16.2 A personal data breach may be caused by a number of events, including (but not limited to):
16.2.1 theft of a laptop;
16.2.2 loss of a USB;
16.2.3 emailing incorrect recipients or “Cc’ing” to unauthorised recipients;
16.2.4 failing to collect printed documents straight away, which may contain personal data;
16.2.5 phishing or vishing attack allowing a third party to access company systems or records;
16.2.6 malicious hacking; and/or
16.2.7 accessing HR records without having the authority to do so.

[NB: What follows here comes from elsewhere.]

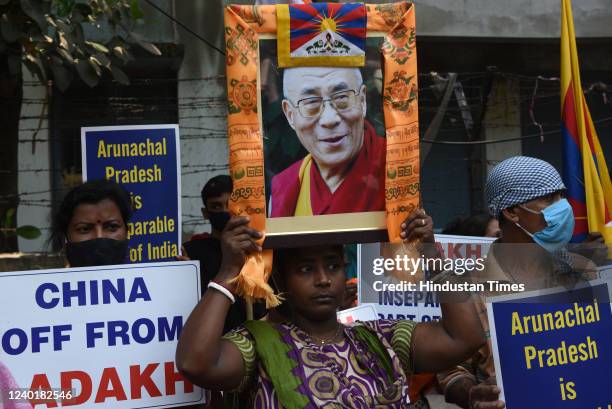 Supporters of the Dalai Lama seen with his portrait, posters, flags of Tibet and India, as they participate in a sit-in protest against China on...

16.3 All companies which process personal data are subject to a formal data breach notification process under the GDPR. This is summarised as follows:
16.3.1 if we are processing personal data on behalf of a third party company as a data processor, all personal data breaches must be reported to the DPC and that third party, without undue delay, regardless of the severity of the breach and regardless of whether or not we have sufficient information to determine the severity of the breach; and
16.3.2 where we are the data controller of personal data, any personal data breach must be reported to the DPC without delay. The DPC in consultation with the key stakeholders (e.g. senior management team, IT provider) will evaluate the severity of the breach and determine whether the breach should be reported to the ICO within 72 hours of becoming aware of the breach. In some cases, affected data subjects will also need to be advised of the personal data breach.
17.1 Suppliers.. Any of our suppliers who have access to personal data must guarantee in writing that they comply with the GDPR. We will only transfer personal data or allow access to third parties when it is assured that any such personal data will be processed legitimately and protected appropriately by the third party recipient.
17.2 Contracts. We will enter into an appropriate agreement with a third party to clarify each party’s responsibilities in respect to the personal data transferred and/or otherwise processed. The agreement must require the third party to protect the personal data, promptly report data breaches to us and to only process personal data in compliance with our instructions.
17.3 Transfers of data outside the European Economic Area (“EEA”). You must not allow personal data to be transferred to any individual or company located outside the EEA without the prior written approval of the DPC. This also applies where a company uses equipment, resources or a subcontractor located outside the EEA to process personal data. The DPC may require certain conditions to be met or safeguards to be in place before any personal data can be transferred outside of the EEA.
17.4 Audits. Regular audits of third parties handling our data (including any personal data), especially in respect of information security measures they have in place, must be undertaken. Any major deficiencies identified will be reported to and monitored by our DPC.
18 DATA PROTECTION TRAINING
All appropriate staff will receive training on this policy, and new joiners will receive IT security and Data Protection policy information as part of the induction process.
19 COMPLAINTS HANDLING
19.1 Any individual with a complaint about the processing of their personal data should put their complaint in writing to us. An investigation of the complaint will be carried out by the DPC in consultation with the relevant business owner to the extent that is appropriate based on the merits of the specific case. We will inform the complainant of the progress and the outcome of the complaint within a reasonable period.
19.2 If the issue cannot be resolved through consultation with the complainant, then the complainant should be advised that they may, at their discretion, complain to the Information Commissioner’s Office (ICO).
20.1 Any derogations from the requirements of this policy shall require prior written approval from the DPC.